### YOUR ASSIGNMENT
Verbatim copy, images removed: write out the entries below.

Pictures with short captions:
=== Section Start ===
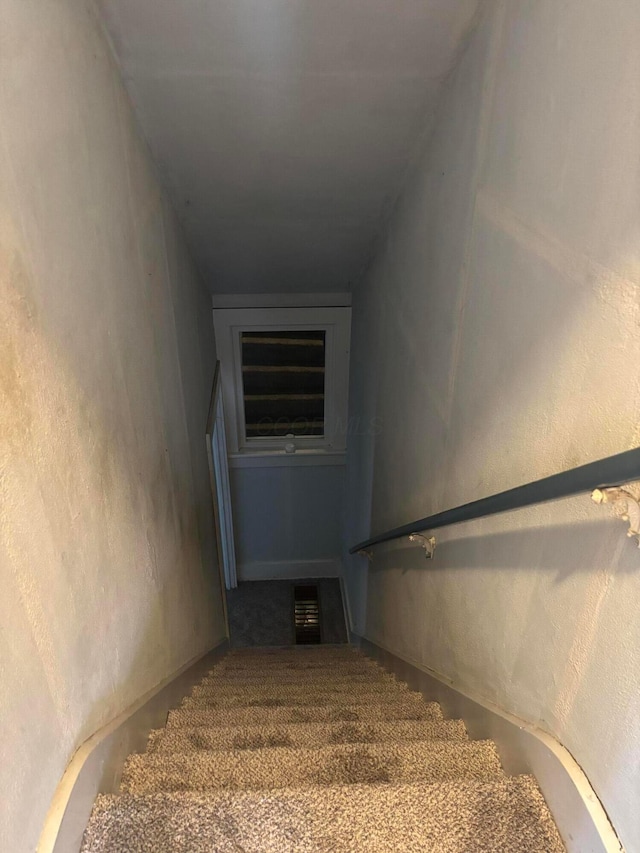 324 E Main St, Cardington, OH 43315 - stairway with a textured wall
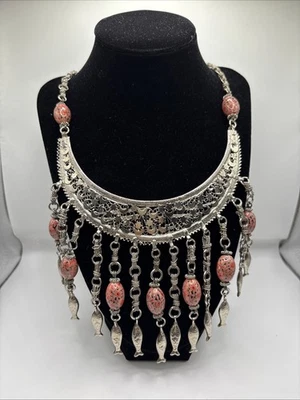 De Colección Boho Tribal Declaración Collar Babero Plata Filigrana Floral Cuentas Peces Dijes Foto 1 de 4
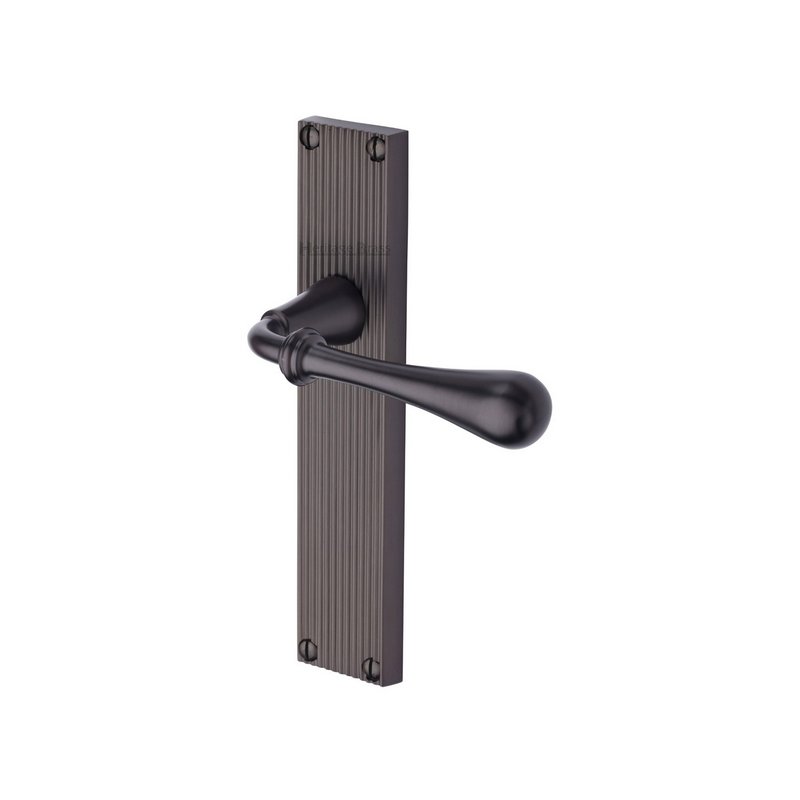 Roma Reeded Door Handle on Plate - RR6010-MB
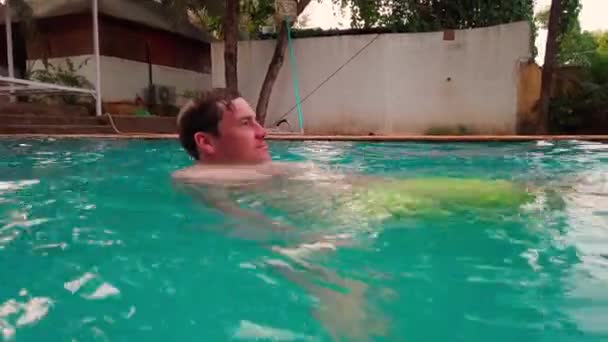 Bel homme nageant dans la piscine, en plein air — Video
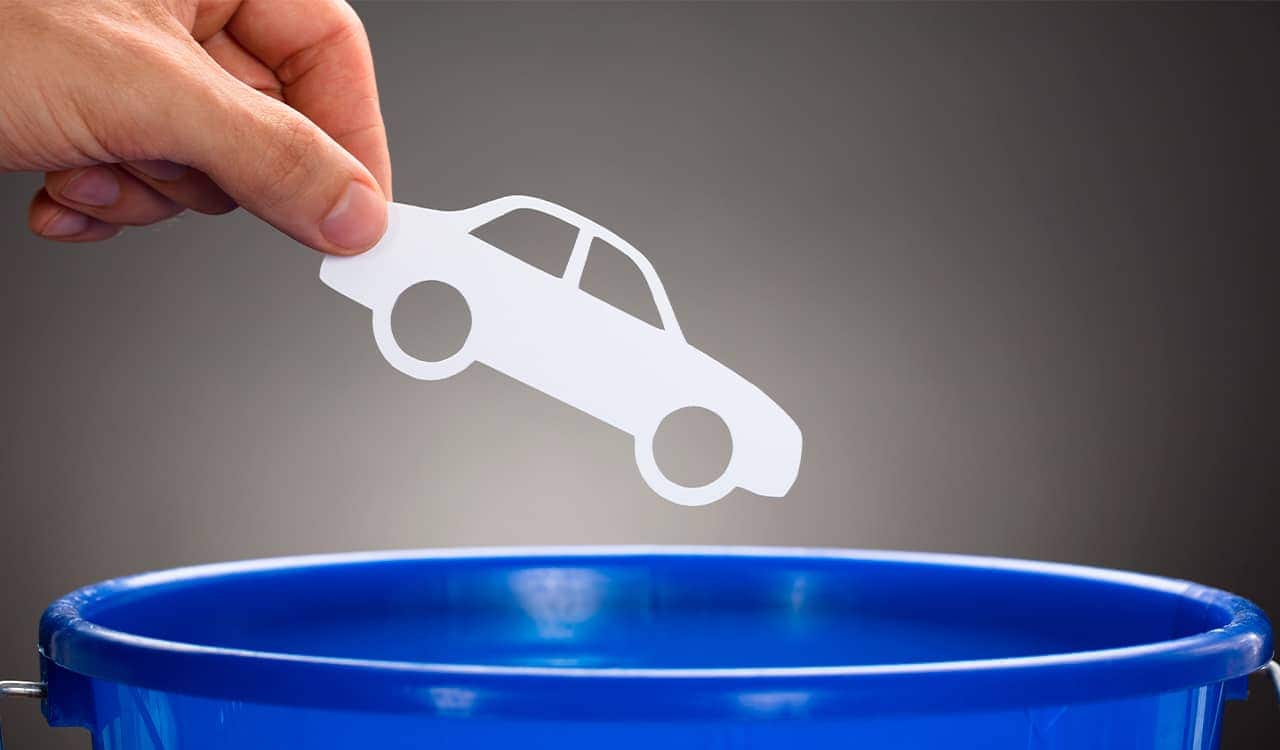 Mão segurando carro de papel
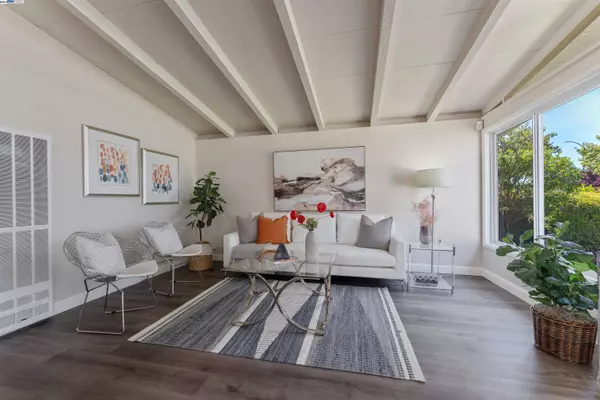 694 Lakewood Drive, Sunnyvale, CA 94089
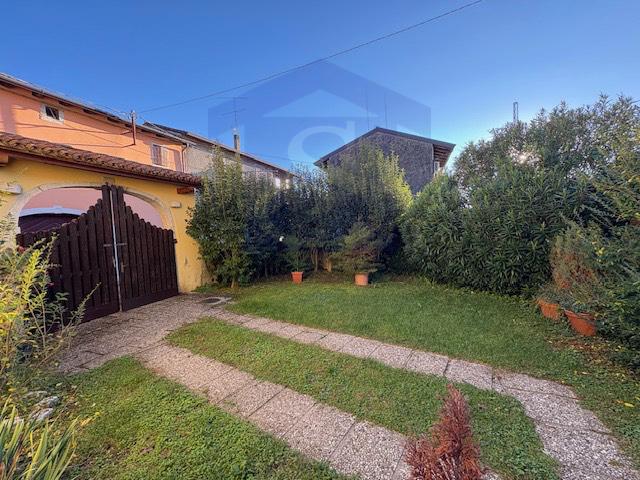 Rustico con giardino a Budoia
=== Section End ===
### REPLY TO THE TASK
 324 E Main St, Cardington, OH 43315 - stairway with a textured wall
 De Colección Boho Tribal Declaración Collar Babero Plata Filigrana Floral Cuentas Peces Dijes Foto 1 de 4
 Roma Reeded Door Handle on Plate - RR6010-MB
 Bel homme nageant dans la piscine, en plein air — Video
 Mão segurando carro de papel
 694 Lakewood Drive, Sunnyvale, CA 94089
 Rustico con giardino a Budoia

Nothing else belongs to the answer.